At least 60 different firms - including Apple and Microsoft - have data-sharing partnerships with Facebook, which gave them access to user data without explicit consent, according to a New York Times investigation.
Now, two US senators have penned a letter to Mark Zuckerberg demanding more information about users' privacy and third-party companies' access to user data. But the Times says Facebook provided far-ranging access - and possibly broke rules in a 2011 consent decree with the Federal Trade Commission, in which Facebook agreed that its users' data wouldn't be shared with third parties without their consent. The Times reports that most of the partnerships are still in effect, though Facebook started shutting them down in April, during its soul searching on privacy and data practices in the wake of the Cambridge Analytica fiasco.
Information of 294,258 friends of friends was also identified using the Hub app.
Facebook argues that it hasn't broken any rules.
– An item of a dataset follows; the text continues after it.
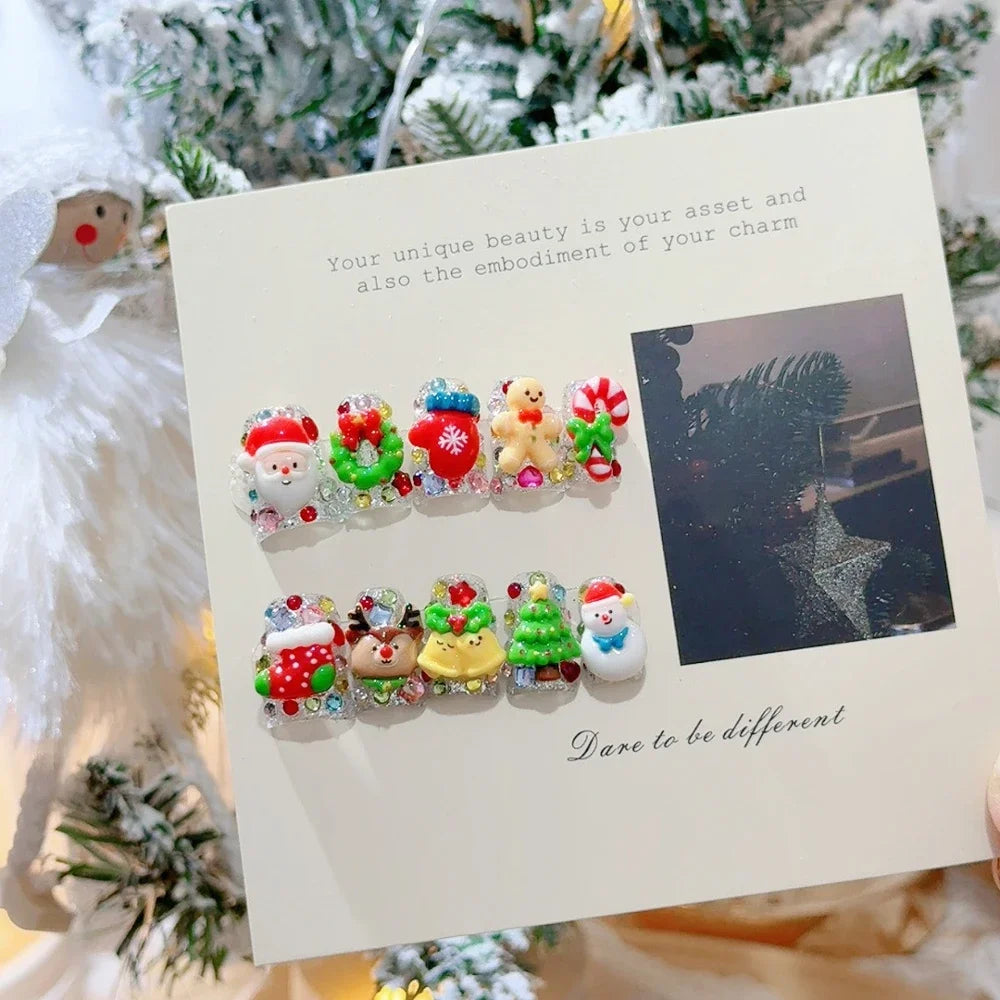 Decorated press-on nail sets with raised embellishments on display cards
"The more unauthorized sharing that comes out, the more the FTC is going to be inclined to impose a significant civil penalty on Facebook", Vladeck declared.
The New York Times is out with a report alleging that Facebook improperly let other companies have access to users' personal information-and even their friends' information.
"These partners signed agreements that prevented people's Facebook information from being used for any other goal than to recreate Facebook-like experiences".
The agreements required the third-party companies to use the information only for the intended goal of integrating features into users' devices, Facebook says.
"Our partnership and engineering teams approved the Facebook experiences these companies built", Archibong wrote. Some companies were even able to retrieve personal information from users' friends who believed they had barred any data sharing, the Times reported. "We are not aware of any abuse by these companies", added Archibong.More news: Coutinho back at Anfield as Real Madrid stars mock Reds
Critics of the company say that the device-integrated APIs are a violation of that control, however, allowing device makers a direct line into user data.
"New revelations that Facebook provided access to users' personal information, including religion, political preferences, and relationship status, to dozens of mobile device manufacturers without users' explicit consent are deeply concerning", they said in a letter.
Apple, Samsung and Microsoft did not respond to requests for comment on the matter.
The Times story promises a lot, but upon closer examination, it doesn't amount to much. "So companies like Facebook, Google, Twitter and YouTube had to work directly with operating system and device manufacturers to get their products into people's hands", describes Archibong.
Facebook's attempts to justify its mishandling of user data have become a broken record.
Lax policies around sharing data with third parties led to the leak of information to consultancy Cambridge Analytica, which worked on successful Republican campaigns, including that of President Donald Trump.
Senator John Thune, Republican of South Dakota, said in a statement that The Times's reporting "raises important questions about transparency and potential privacy risks for Facebook users".
Amy Gesenhues is Third Door Media's General Assignment Reporter, covering the latest news and updates for Marketing Land and Search Engine Land. Contributions of 200 words or more will be considered for publication.